Sorry for your situation. The best answer would be if your husband would actually act like a man instead of a momma's boy still sucking at the tit.

You might have to become a real hard ass to get your situation more reasonable in the future.

No way I would put up with the huge disrespect his family is throwing your way and I wouldn't put up with your husband either.

He needs to stop allowing disrespect now!
_Posted via Mobile Device_


----------



## capri7204 (Aug 16, 2012)

ConanHub said:


> Sorry for your situation. The best answer would be if your husband would actually act like a man instead of a momma's boy still sucking at the tit.
> 
> You might have to become a real hard ass to get your situation more reasonable in the future.
> 
> ...


I totally agree with you. I was going to ask her what her husband was doing about this behavior. I would be VERY upset at him if he was allowing this behavior. In my situation my husband put his foot down and it was agreed that it would be best for us as a family if I stayed away from the in-laws. She has a major issue on her hands if this has been going on since her first child was born and now she is expecting a second child. After all I married my husband not the extended family.


----------



## NobodySpecial (Nov 22, 2013)

I would set some limits with your husband. I will allow your family to visit here and/or visit your family WHEN you demonstrate you will stick up for my respectful treatment. No you will not be visiting your family with the kids without me as I believe that to not be in their best interest.


----------



## Anonymous07 (Aug 4, 2012)

citygirl4344 said:


> Well as for the car seat issue you have every right to be upset.
> I can see how your MIL would think she might know how to do things but ultimately you are the parent. If you're uncomfortable letting them take your son then say no.
> 
> I think you guys are never going to be close. Sounds like they simply don't like you for whatever reasons. I don't think it's racial. I know plenty of cultures who speak their primary language with me there...and it's not to be rude it is more that they are more comfortable with that language.
> ...


Right now, I really don't care to make the effort when they've shown me little respect or consideration. I know enough Spanish that I can kind of make out what they're talking about, but don't care all that much to learn more for their sake. 

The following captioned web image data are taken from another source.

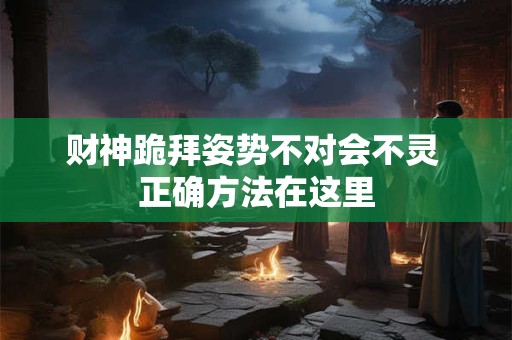 财神跪拜姿势不对会不灵 正确方法在这里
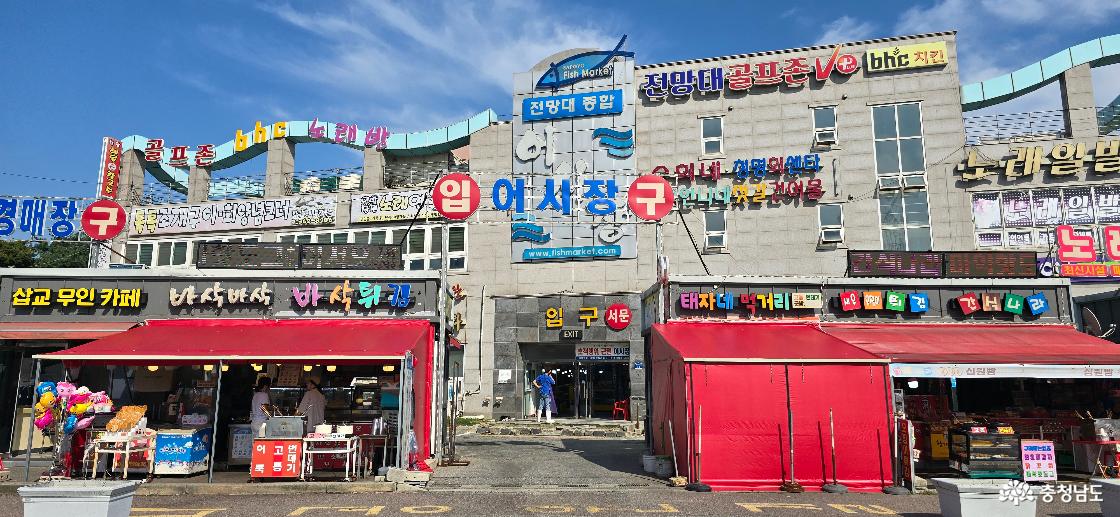 삽교호 관광지 상가 모습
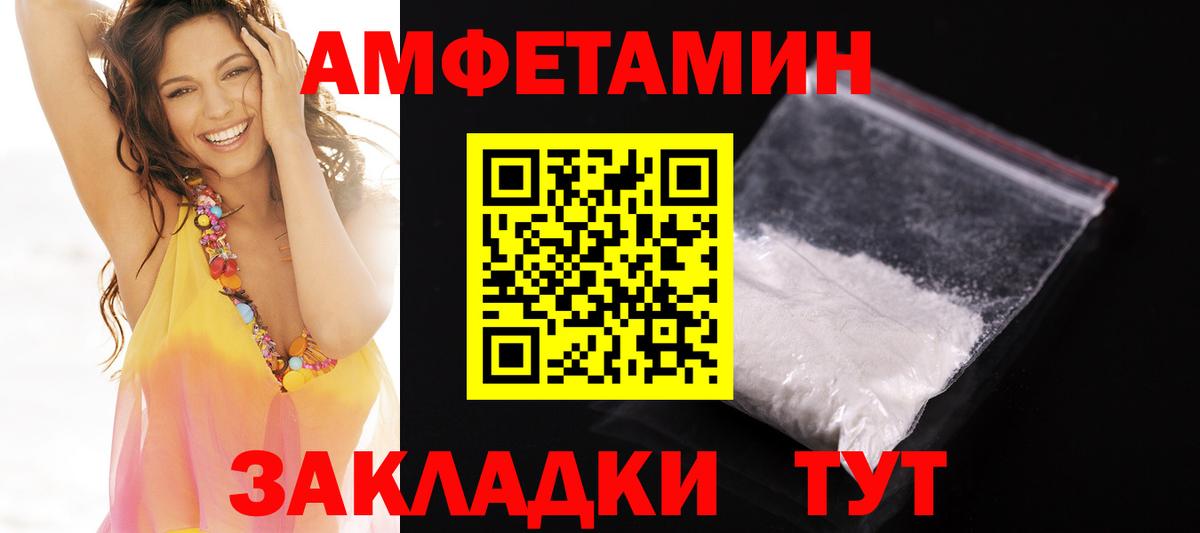 АМФ 97%  Вход с VPN  Amphetamine  Чебоксары  АМФЕТАМИН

We've invited them all to our son's 3rd birthday and they say they'll be there, but who knows. They also said they would be there for his 2nd birthday and only my BIL showed up, so I don't plan on seeing them. I just don't want my son to notice how his relatives can make it for his cousins' birthdays and events, but not his. I'm sad for him.


----------



## Anonymous07 (Aug 4, 2012)

ConanHub said:


> Sorry for your situation. The best answer would be if your husband would actually act like a man instead of a momma's boy still sucking at the tit.
> 
> You might have to become a real hard ass to get your situation more reasonable in the future.
> 
> ...


My husband and I had a long talk after his family left back home and he knows I'm fed up with it all. He has said he'll talk with his family and make sure I'm included/respected, but I don't know how it will go when we see them again. I know he feels like he's put in a bad spot, as he wants to see his family as often as he can since we live far away, but they don't exactly act the best toward me. 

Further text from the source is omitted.